Indonesia Arm-Twists Europe With $5.6 Billion Trade Weapon in Palm Oil Showdown

Indonesia has escalated its long-running trade war with the European Union to its most serious point yet, formally requesting authorisation from the World Trade Organization to impose retaliatory tariffs and trade suspensions worth between $2.8 billion and $5.6 billion per year — a financial broadside aimed at compelling Brussels to comply with a WTO ruling it has, in Jakarta's view, ignored for more than a year.

The WTO's Dispute Settlement Body (DSB), in a special session on 19 March 2026, tasked an arbitrator with determining the precise level of trade suspension Indonesia may impose. That arbitration process — and its eventual authorisation — could unleash the most significant trade confrontation between a Southeast Asian economy and the European Union in modern history.

The Dispute That Would Not Die

The legal foundation of Indonesia's challenge dates to WTO case DS593, formally titled "European Union — Certain Measures Concerning Palm Oil and Oil Palm Crop-Based Biofuels." The case centres on the EU's Renewable Energy Directive II (RED II), which classifies palm oil as a high-risk crop for indirect land-use change (ILUC) and bars it from counting toward EU renewable energy targets from 2030.

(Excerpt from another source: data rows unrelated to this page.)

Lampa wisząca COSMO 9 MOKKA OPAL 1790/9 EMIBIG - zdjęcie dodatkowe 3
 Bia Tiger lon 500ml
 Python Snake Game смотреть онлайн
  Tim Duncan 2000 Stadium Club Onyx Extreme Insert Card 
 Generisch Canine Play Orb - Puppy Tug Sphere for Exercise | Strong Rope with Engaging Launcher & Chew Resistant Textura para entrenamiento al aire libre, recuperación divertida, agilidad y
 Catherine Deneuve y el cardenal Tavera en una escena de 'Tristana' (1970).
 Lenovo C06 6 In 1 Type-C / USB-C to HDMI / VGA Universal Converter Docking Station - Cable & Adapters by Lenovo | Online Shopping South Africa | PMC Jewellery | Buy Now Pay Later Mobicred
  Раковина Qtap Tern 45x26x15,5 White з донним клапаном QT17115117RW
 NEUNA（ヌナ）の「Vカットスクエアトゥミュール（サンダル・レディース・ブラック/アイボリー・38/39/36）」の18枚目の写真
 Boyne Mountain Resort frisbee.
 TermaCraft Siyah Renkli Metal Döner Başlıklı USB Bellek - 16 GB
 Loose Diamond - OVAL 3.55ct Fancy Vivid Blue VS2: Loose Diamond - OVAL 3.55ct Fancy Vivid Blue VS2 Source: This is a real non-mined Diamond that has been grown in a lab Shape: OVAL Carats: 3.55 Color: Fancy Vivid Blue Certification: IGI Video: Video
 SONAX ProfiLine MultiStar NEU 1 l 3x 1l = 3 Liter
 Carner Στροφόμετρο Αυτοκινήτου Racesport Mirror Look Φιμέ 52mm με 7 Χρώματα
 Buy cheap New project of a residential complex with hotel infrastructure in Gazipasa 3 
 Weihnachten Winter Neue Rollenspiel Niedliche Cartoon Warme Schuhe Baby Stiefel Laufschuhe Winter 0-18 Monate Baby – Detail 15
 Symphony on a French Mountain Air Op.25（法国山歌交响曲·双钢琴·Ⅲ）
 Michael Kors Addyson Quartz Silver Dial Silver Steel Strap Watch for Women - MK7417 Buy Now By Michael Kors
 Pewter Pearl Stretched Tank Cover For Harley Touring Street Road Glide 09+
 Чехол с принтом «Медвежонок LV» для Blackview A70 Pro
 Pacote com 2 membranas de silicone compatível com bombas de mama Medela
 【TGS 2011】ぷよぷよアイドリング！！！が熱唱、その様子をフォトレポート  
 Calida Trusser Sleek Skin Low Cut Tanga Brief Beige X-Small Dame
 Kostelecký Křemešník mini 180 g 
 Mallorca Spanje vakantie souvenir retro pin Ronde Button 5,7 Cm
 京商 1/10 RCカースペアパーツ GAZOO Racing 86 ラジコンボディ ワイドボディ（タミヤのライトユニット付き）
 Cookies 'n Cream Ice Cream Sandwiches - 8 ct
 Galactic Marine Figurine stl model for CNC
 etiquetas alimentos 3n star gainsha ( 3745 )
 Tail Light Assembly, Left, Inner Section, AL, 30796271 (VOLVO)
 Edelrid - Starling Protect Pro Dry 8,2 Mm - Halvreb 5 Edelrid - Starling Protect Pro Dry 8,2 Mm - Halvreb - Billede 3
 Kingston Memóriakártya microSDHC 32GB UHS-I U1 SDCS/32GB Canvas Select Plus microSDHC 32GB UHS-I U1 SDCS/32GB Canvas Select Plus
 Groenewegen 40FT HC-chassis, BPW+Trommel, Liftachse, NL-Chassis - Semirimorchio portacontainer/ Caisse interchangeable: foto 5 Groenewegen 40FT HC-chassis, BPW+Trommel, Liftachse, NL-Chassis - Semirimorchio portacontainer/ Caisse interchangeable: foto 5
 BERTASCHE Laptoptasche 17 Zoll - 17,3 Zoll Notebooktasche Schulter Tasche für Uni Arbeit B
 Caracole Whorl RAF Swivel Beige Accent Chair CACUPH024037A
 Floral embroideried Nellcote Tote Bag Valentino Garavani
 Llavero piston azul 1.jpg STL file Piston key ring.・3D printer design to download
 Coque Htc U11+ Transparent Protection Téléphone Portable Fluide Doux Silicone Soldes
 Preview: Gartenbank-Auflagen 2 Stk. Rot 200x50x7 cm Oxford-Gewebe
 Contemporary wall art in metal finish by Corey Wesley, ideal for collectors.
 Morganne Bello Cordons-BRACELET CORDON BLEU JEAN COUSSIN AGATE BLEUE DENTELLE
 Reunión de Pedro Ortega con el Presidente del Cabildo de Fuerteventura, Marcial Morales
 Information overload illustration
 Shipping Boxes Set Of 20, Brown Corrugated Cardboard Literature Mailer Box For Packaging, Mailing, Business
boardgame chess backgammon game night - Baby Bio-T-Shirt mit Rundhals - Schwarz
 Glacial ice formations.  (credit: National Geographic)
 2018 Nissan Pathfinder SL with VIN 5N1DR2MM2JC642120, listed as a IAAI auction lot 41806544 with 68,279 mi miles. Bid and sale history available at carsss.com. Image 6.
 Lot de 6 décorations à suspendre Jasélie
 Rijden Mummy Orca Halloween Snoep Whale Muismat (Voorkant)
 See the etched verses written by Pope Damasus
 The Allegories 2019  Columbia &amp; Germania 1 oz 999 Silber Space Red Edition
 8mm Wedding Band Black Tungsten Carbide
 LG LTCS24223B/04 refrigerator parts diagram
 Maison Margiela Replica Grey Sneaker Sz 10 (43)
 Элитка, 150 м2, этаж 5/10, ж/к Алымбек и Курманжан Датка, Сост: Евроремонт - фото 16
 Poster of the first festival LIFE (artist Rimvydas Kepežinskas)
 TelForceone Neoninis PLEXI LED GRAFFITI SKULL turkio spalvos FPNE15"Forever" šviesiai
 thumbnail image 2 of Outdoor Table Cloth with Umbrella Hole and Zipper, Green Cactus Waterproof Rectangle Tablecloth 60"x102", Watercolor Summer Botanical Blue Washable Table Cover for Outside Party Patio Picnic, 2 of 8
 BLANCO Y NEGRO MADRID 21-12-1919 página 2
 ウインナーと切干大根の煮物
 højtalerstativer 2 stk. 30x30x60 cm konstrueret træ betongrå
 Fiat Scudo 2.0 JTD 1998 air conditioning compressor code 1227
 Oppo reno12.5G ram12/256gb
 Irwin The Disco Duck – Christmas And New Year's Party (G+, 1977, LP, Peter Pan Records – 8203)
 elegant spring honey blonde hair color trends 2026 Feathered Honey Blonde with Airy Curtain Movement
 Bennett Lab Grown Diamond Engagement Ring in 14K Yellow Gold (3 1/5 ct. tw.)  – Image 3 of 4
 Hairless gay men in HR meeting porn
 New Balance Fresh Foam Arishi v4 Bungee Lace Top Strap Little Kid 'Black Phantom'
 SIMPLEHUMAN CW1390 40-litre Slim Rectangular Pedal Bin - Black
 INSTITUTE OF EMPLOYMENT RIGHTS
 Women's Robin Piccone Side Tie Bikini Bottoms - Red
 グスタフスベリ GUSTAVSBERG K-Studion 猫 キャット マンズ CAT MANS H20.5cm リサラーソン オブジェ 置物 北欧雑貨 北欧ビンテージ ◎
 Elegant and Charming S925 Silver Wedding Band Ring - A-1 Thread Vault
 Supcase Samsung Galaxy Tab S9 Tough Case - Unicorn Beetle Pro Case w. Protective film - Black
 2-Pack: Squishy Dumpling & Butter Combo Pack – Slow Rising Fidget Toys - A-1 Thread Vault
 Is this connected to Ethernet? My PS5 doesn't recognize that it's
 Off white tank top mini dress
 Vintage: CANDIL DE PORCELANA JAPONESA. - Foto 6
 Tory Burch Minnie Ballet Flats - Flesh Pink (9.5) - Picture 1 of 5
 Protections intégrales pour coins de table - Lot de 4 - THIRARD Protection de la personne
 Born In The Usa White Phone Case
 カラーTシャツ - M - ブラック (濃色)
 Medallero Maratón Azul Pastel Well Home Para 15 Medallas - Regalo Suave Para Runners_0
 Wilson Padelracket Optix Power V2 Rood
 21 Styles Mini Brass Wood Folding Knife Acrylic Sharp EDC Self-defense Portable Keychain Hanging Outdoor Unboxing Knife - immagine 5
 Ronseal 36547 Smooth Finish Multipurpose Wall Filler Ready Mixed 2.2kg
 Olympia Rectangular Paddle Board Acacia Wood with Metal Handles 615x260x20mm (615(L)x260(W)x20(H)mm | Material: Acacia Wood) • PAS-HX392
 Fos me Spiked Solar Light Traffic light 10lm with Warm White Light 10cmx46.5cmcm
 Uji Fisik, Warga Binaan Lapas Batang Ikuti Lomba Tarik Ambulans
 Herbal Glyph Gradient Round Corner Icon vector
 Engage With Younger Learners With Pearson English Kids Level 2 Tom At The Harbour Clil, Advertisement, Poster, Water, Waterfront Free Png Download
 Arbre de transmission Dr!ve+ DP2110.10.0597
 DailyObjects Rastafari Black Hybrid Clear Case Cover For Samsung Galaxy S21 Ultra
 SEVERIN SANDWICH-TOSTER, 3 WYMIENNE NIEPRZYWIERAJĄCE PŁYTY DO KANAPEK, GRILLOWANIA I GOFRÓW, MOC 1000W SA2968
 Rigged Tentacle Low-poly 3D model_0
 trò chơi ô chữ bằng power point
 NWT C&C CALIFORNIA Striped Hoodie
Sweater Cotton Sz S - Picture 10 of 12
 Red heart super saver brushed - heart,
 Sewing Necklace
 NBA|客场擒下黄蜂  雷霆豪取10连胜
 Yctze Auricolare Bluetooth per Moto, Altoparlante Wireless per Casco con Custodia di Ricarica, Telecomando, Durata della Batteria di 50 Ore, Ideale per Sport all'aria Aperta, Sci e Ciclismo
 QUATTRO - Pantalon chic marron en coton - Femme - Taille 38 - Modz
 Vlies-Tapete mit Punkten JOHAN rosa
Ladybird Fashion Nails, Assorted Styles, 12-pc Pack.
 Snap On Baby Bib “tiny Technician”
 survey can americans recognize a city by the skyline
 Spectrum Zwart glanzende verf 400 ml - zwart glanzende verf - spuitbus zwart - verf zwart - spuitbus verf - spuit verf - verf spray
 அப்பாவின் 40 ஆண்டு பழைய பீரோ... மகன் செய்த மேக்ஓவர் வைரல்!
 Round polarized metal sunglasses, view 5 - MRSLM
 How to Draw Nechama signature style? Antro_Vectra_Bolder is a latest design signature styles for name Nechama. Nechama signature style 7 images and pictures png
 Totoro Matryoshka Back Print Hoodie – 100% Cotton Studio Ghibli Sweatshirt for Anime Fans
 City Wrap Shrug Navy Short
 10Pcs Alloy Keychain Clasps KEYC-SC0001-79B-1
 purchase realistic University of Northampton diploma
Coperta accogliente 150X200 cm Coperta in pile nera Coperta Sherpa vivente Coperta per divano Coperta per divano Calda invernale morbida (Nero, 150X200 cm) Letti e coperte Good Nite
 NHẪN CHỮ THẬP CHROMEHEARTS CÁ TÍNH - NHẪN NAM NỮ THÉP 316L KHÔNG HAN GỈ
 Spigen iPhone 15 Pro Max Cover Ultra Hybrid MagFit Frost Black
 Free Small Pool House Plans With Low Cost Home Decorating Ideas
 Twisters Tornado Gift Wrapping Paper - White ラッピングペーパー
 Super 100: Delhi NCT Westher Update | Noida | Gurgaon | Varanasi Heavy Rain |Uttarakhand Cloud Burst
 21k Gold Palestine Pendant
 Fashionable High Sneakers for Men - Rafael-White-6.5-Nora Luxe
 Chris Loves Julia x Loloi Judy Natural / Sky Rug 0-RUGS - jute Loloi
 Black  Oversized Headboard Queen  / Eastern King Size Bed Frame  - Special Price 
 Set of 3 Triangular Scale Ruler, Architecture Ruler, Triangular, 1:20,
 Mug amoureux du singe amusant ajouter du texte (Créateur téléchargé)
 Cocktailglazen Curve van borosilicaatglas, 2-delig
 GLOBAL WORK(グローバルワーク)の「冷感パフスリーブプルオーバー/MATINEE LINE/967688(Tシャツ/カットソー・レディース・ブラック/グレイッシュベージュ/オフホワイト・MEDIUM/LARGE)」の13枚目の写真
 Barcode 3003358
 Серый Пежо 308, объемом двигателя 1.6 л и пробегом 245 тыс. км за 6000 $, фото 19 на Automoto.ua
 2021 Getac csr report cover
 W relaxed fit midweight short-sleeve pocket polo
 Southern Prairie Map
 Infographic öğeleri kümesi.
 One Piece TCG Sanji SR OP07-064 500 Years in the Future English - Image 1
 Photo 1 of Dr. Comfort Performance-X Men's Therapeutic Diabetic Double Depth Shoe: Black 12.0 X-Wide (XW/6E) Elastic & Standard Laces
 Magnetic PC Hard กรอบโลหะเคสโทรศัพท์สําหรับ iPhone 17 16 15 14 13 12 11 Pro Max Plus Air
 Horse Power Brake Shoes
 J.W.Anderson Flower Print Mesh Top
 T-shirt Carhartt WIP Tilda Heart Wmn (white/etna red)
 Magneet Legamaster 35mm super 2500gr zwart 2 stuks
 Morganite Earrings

Indonesia — the world's single largest palm oil producer and exporter, generating over 60% of global supply — argued that the EU's classification was discriminatory: competing biofuel feedstocks such as rapeseed and sunflower oil were not subject to the same restrictions, despite causing comparable or even greater land-use concerns in some cases. A WTO panel agreed, ruling that RED II's palm oil provisions were inconsistent with international trade rules under the Technical Barriers to Trade Agreement.

The EU was given until 24 February 2026 to bring its measures into compliance. Brussels failed to meet that deadline, according to Jakarta. On 9 March, Indonesian Trade Minister Budi Santoso submitted a formal request to the WTO's Dispute Settlement Body for authorisation to suspend trade concessions — a legal mechanism that allows a country to impose retaliatory tariffs in response to a counterpart's non-compliance.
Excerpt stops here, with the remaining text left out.